J.D. probabilmente è nato con la musica che già scorreva nelle sue vene. All’età di due anni sedeva davanti al televisore con un fìddle in plastica in una mano ed una chitarra giocattolo nell’altra ed il suo programma preferito era la versione canadese della Grand Ole Opry (!).
Dopo aver visto il film Bonnie & Clyde, Winningham ha investito i suoi risparmi per acquistare il suo primo vero strumento musicale – un banjo a cinque corde. Pare che abbia preso in mano la chitarra per poter spiegare ai chitarristi come accompagnare il banjo.

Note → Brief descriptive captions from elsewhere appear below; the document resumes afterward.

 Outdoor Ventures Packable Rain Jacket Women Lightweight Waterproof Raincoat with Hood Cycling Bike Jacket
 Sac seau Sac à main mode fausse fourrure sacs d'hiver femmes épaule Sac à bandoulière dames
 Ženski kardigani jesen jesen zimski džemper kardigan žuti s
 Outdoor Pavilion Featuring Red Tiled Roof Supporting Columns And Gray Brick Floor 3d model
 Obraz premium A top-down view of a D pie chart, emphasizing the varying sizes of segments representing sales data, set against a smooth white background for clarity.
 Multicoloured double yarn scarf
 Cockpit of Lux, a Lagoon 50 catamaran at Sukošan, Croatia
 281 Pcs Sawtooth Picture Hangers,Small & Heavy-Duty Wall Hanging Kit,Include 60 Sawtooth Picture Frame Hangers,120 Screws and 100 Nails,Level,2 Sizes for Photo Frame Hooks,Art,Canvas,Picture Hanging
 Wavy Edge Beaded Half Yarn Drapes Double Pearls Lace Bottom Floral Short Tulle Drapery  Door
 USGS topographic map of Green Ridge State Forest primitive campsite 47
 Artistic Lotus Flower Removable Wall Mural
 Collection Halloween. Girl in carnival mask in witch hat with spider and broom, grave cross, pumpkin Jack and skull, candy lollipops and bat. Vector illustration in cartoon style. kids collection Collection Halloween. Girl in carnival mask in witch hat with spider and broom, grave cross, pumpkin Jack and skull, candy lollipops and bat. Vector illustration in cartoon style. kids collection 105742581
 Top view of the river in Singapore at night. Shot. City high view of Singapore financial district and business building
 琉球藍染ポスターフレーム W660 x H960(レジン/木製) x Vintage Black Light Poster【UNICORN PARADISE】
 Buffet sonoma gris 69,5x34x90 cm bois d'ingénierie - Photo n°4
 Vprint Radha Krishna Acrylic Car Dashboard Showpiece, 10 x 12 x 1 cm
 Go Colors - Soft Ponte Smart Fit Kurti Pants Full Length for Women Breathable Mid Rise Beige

Da una cassetta stereo-8 (ve le ricordate?) di Jerry Lee Lewis, Winningham ha imparato ad usare veramente l’armonica per ottenere quell’effetto rhythm & blues di alcuni suoi brani per arrivare così, attraverso tante serate passate ad esibirsi nei bar, nelle caffetterie e negli honky-tonks del grande stato del Texas (“paying his dues”) al suo ottimo debutto discografico del 1996 per l’etichetta Full Moon Records di San Antonio, Texas.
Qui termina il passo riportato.